EAGER: Unravel, mimic and control physiology via chiral-induced spin selectivity: a quantum approach

$3.04M USD

Funder National Science Foundation (US)
Recipient Organization University of California-Los Angeles
Country United States
Start Date May 15, 2021
End Date Oct 31, 2023
Duration 899 days
Number of Grantees 1
Roles Principal Investigator
Data Source National Science Foundation (US)
Grant ID 2114144
Grant Description

This project aims to unveil and control the “chiral-induced spin selectivity” (CISS) effect at the nanoscale. CISS is an unusual behavior first observed in biological structures, and only later harnessed for technological applications. It describes the fact that, at room temperature, electron transport through molecules with chiral (or mirror) symmetry -- e.g., DNA -- favors particular states of a quantum property called spin.

Such a spin preference effectively translates into more efficient electron transport through chiral molecules than through achiral ones, and this property has justifiably attracted significant interest. Enantiomers (chiral molecules that are mirror images of one another) have opposite electron spin orientation preferences, which could inform drug development; and any technology that relies on optimal charge transport – i.e., the entire electronics industry – could profit from harnessing and controlling CISS-like effects.

CISS might also have tremendous biological implications for signaling, as proteins and most biomolecules are chiral. This research falls within the emergent field of “quantum biology” that studies how the laws of quantum mechanics might play a role in biological function. This work will foment the creation of the first US-based virtual Quantum Biology Center.

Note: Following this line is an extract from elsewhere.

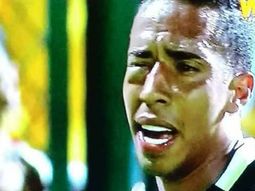 El delantero terminó desfigurado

Such a center will become a natural organizing structure for quantum biology practitioners to interact, collaborate and disseminate their findings to the broader public. The Center members will demystify and critique potentially dubious claims of quantum effects in biology and place this field on firm scientific ground in the public eye. The Center will also catalyze events such as weekly online meetings on quantum biology, already being organized by the PI for over a year.

The chiral-induced spin selectivity (CISS) describes the fact that, at room temperature, charge transport through chiral molecules favors a particular electronic spin orientation (or ‘spin polarization’). Because of the CISS effect, enantiomers have opposite electron spin orientation preferences. This observation might have tremendous biological implications, as proteins and most biomolecules are chiral.

An unambiguous understanding of CISS at the nanoscale is still lacking. Here the investigators propose to elucidate the mechanisms behind CISS in DNA at the nanoscale. Currently, CISS is studied using chemistry techniques (ex.: electrochemistry, I-V curves) relying on ensembles of chiral nanostructures interacting with electron spins in “classical states”; this precludes, respectively, quantitative measurements of total charge going through the chiral structures and of how spins in “non-trivial quantum states” (e.g., spin superpositions) evolve when transported through such chiral molecules.

The proposed setup – a ESR-STM working with a single chiral molecule that gets injected with electron spins in “non-trivial quantum states” – will overcome the present experimental limitations and thus enable a predictable, quantitative understanding of CISS using the language and tools of quantum mechanics. The investigators will attach DNA under different conditions (e.g., slightly different temperatures, a variety of DNA lengths) to the tip of the ESR-STM and use magnetic resonance techniques to prepare electrons in arbitrary spin states, which will then be injected into the molecule.

By characterizing how the electron coherences are transported through the different nano-chiral potentials, it becomes possible to harness quantum degrees of freedom to hijack and drive both physiology and biological signal processing, and to mimic strategies developed and optimized by nature over millions of years to transduce quantum information.

This project is supported by the Molecular Biophysics Cluster of the Division of Molecular and Cellular Biosciences in Biological Sciences Directorate.

This award reflects NSF's statutory mission and has been deemed worthy of support through evaluation using the Foundation's intellectual merit and broader impacts review criteria.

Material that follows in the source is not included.